Parenthetically, Ghost did not allow me to enter the recovery environment from within the operating system context. It said that I must use a recovery disk.
I think the main point is still the fact that none of the recovery disks detected the SCSI hard drive system at all. Recovery from within the operating system is less important but still an issue.
09-02-2010 02:55 PM
To recover the system drive you have to boot from the SRD. The volume is locked until you reboot. That's to be expected.
To clarify, you create an image of C and tested that you could view with the SRD after creating the image. Then you added a new drive and are now trying to test and are unable to. Is that correct?
A couple questions. Are you running a RAID array? If so, what level?
Try running partinfo in the \Program Files\Norton Ghost\Utility\ folder and look for partition errors in the partinfo.txt that it creates.
09-03-2010 07:58 AM
Thank you forclarifying the issue of requiring a boot from the SRD.
As to the second question, NOT correct. Several of the the custom recovery disks were tested BEFORE the "D" drive was added for other test reasons. They did not work in terms of detecting the SCSI subsystem. Now, I can easily remove the "D" drive by unplugging it and retest that assertion under the Ghost 14.0 regime if that seems appropriate to you. The Windows XP Pro system will boot with only the "C" drive.
No RAID, only single channel with the long time industry standard 2940 Adaptec controller. The system is about as "vanilla" as it gets. The 2940 and its Adaptec successors have been supported and even recommended by Microsoft since the first Beta of NT. All the NT type systems have had these Adaptec controllers as a standard. They are especially recommended for performance systems.

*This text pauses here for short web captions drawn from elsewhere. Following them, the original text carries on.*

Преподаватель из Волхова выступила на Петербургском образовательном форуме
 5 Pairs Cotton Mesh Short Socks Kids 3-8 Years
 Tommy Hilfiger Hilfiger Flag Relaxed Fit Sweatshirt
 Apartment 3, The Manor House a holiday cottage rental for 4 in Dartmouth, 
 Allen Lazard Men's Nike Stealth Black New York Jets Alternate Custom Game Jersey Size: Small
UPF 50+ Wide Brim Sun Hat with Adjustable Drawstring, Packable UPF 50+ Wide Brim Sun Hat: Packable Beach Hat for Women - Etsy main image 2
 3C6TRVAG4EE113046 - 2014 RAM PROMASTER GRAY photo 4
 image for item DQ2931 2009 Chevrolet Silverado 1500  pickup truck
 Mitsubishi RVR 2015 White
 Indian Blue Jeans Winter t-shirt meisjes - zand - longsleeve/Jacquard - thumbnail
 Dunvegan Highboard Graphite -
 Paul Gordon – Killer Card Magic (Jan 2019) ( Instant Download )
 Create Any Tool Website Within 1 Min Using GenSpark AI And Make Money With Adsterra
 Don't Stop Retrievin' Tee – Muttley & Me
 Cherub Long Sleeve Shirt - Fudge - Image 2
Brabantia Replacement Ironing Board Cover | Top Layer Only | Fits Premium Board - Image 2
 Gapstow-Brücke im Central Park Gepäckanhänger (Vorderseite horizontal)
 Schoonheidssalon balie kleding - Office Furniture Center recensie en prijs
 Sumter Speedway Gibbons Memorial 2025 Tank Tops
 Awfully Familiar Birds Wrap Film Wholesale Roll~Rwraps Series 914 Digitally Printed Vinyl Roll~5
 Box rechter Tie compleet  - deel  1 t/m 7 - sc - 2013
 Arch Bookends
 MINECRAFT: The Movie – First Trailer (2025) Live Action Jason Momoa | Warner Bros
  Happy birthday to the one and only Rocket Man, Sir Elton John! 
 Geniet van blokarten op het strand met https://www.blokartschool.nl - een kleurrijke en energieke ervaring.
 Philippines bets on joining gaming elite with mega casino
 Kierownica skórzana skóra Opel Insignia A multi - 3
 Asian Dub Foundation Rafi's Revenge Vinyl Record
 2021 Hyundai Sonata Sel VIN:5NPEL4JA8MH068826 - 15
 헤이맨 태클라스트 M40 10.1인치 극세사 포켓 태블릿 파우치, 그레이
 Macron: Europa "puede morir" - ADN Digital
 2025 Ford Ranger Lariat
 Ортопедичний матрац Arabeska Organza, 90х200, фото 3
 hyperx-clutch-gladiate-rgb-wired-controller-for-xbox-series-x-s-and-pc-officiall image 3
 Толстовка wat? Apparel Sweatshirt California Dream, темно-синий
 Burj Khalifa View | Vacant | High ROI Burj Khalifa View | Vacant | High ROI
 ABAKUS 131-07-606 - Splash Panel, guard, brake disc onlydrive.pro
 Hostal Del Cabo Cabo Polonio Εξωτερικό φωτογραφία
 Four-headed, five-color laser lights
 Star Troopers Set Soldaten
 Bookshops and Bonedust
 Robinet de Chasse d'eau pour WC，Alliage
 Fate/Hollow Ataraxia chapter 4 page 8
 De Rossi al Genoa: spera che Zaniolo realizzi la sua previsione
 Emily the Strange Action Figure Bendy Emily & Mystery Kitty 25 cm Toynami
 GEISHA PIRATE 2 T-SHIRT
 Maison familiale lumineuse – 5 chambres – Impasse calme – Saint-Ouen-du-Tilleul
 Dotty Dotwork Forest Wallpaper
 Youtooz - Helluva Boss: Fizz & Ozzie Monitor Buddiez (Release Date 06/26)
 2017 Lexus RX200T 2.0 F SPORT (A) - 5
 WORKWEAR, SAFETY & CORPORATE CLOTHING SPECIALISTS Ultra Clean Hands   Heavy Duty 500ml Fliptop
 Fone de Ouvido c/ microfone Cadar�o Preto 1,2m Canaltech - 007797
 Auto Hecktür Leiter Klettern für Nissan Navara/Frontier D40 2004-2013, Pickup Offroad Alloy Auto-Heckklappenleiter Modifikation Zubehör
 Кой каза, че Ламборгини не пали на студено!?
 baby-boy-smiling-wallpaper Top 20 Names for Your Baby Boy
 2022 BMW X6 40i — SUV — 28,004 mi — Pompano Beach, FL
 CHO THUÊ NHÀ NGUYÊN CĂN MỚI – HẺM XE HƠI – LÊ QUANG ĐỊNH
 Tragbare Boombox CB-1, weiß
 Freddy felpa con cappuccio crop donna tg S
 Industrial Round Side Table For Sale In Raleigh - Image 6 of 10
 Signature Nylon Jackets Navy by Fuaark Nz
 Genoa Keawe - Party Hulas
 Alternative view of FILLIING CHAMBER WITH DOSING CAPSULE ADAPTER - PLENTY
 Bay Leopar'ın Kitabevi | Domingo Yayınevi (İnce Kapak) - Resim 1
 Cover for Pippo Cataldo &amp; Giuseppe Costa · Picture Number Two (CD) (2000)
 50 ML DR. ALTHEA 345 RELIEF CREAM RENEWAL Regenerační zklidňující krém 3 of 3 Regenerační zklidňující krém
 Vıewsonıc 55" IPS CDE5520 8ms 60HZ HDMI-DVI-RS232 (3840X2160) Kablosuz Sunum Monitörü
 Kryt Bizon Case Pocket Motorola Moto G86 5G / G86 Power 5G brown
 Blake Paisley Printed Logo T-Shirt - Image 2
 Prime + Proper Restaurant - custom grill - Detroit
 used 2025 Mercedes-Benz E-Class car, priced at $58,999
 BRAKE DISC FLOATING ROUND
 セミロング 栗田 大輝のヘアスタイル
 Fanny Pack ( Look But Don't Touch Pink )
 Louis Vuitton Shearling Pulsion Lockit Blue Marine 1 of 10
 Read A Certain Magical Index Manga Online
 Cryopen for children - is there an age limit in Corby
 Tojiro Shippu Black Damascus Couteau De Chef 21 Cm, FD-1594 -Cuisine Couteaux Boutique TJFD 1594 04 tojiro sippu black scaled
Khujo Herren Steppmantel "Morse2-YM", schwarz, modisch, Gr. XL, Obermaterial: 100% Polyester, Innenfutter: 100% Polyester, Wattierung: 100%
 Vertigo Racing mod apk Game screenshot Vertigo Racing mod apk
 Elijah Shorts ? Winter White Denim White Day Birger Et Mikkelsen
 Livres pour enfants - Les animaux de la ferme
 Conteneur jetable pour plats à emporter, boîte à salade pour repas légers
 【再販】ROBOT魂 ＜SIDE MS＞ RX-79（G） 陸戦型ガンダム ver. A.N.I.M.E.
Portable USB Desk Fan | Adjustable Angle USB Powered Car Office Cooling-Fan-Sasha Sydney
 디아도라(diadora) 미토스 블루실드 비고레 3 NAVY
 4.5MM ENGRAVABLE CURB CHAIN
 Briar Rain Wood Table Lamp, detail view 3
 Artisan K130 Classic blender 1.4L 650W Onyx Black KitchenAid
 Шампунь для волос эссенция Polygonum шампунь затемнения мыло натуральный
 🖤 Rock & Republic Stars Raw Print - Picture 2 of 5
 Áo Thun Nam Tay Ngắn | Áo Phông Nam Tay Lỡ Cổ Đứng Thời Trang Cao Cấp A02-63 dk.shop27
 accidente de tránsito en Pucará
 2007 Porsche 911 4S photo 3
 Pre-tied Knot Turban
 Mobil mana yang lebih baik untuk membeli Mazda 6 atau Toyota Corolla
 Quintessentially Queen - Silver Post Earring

Since receiving your last post, I performed another test. Results still negative. Using Ghost 14.0, I created a new system recovery point for both the "C" and "D" drives onto a 1Tbyte USB disk. I then created a new custom system recovery CD with every available storage peripheral attached including a 4mm SCSI DAT tape drive. For good measure, I added the downloaded Adaptec 2940 driver labeled "AHA-2940U/U2W-Ultra2 SCSI" as well as the Ghost recommended additions (USB, etc.). I then rebooted with the new custom recovery disk.
Same result, no SCSI detected. It did, as before, see the CD/DVD writer on the IDE and the USB 1Tbyte disk. Here is what it reported for the system exploration: 1Tbyte USB (as drive "C"), recovery disk (as drive "D"), and Boot X. That's all.
When I perused the partinfo information per your instructions, I got an exception that declared that it could find NO disks.
Let me know if you think I should retest the first assertion with Ghost 14.0. I be happy to do so.
09-03-2010 10:02 AM
I apologize, but that's very confusing. If partinfo returned no disks, then you wouldn't have been able to create a backup of those disks. Are you able to mount the image, browse and see your data? Try running SMEDump in the Utility folder and please attach both that and the partinfo.